Tossing Salt Presents:
Comedy. Smoking Age & More
May 23, 2019
Everyone has questions and this is the place where I have the answers, to five of them at a time. These come from Jesse and Mandy. And the answers come from the mind that is mine. Let’s do this…
Who would be on your Mt. Rushmore of Comedy?
Four comedy legends who set the bar for every comic that’s followed since. This one is not hard. It would be George Carlin, Joan Rivers, ERodney Dangerfield and Bill Cosby. And for anyone who has an issue with Cosby, look at the material from over the past forty years. Forget the man’s character and go on talent / comedy alone and there is no way this man can be ignored or forgotten.
There is a bill in Congress that would raise the age for buying all tobacco products to 21. Thoughts?
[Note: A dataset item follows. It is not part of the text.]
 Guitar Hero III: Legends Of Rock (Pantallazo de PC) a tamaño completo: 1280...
Let me start by saying that I hate smoking. It stinks, it’s bad for you, it stinks and to be brutally honest, it looks stupid. But how can the Federal government say that a person can join the military, get married without any consent, buy a gun, run for office, vote and be regarded as an adult in all and every manner, but can’t smoke a cigarette, vape or chew tobacco if they choose to. I get why they want to do this. It’s one of those “for the person’s own good” type of laws because smoking is bad for a person’s health, stinks and looks stupid, but a person of legal age of becoming an adult, age 18, should be able to make their own decision about using tobacco products and smoking. It’s not the Government’s place to tell an adult that they can’t smoke or vape if they want to. It’s just not right.
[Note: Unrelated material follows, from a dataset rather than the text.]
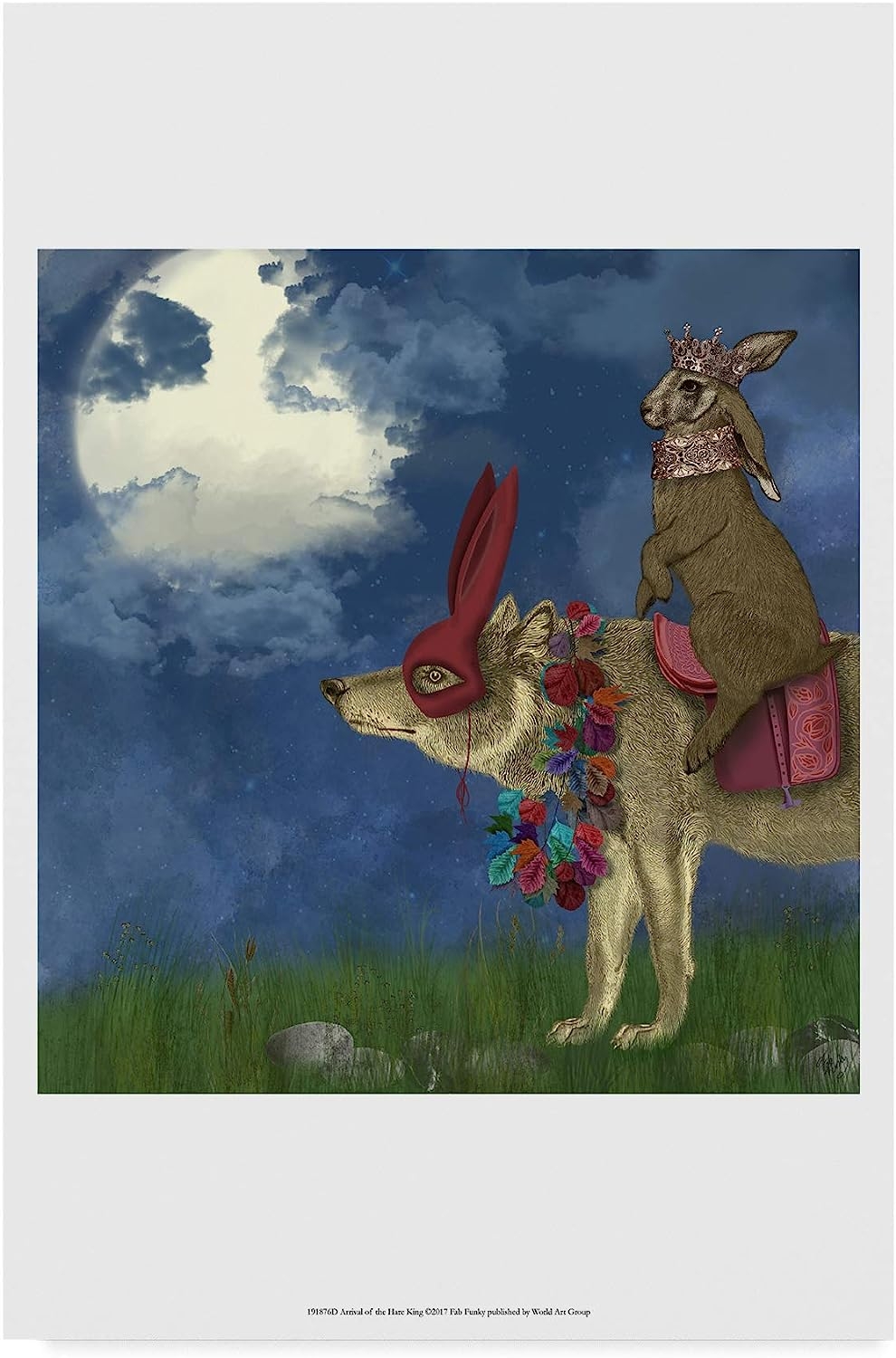 Trademark Fine Art, 12×19-Inch Arrival of The Hare King by Fab Funky   Import  Single ASIN  Import  Multiple ASIN ×Product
Would you rather live in a city under the ocean or a colony on the moon?
If you’re living under the ocean and something goes wrong, there is a chance that people can get to you and help out, saving you. If you’re in space and something goes wrong, you’re pretty much screwed. I like water better than space anyways so it’s life in Atlantis or some place like it for me.
If you had to perform in front of a large audience, would you rather act, sing or give a speech?
I sure as hell can’t act so that’s a definite no for that one. Singing would be okay if I still had a voice because you could just zone out the crowd and pretend you’re in the shower or alone and get through it. A speech would be okay too, but to be honest, I’d much rather not do any of these things. I don’t like people. I don’t like talking. I don’t like crowds. And I don’t do public stuff… ever.
Would you like to host a family reunion?
For my actual blood family, probably not. I love ’em, but it probably would end up being a disaster. If I could have a “family reunion” of my surrogate families from over the years, the Showtime Pizza / St. Andrews crew, the Montclair Maffia, the Dairy Mart crowd, my Nic’s people, La Krew Familia, the Hasty crowd, a few school folks and one or two actual blood kin-folk and I’d be happy with that. And my Wilmington / CT bros too. They’re a must. All of my real peeps, past and present. Now THAT would be a reunion and party worth having.
If you were a guest on Fantasy Island, what would your fantasy be?
After punching Tattoo in the face for saying “De’ plane! De’ plane!” one too many times, I’d work out my deal with Mr. Rourke and be a wrestling promoter / booker for an operation that rivals WWE and I’d be the “Vince” with all the money and all the ideas and plans. And I would do well in that kind of role.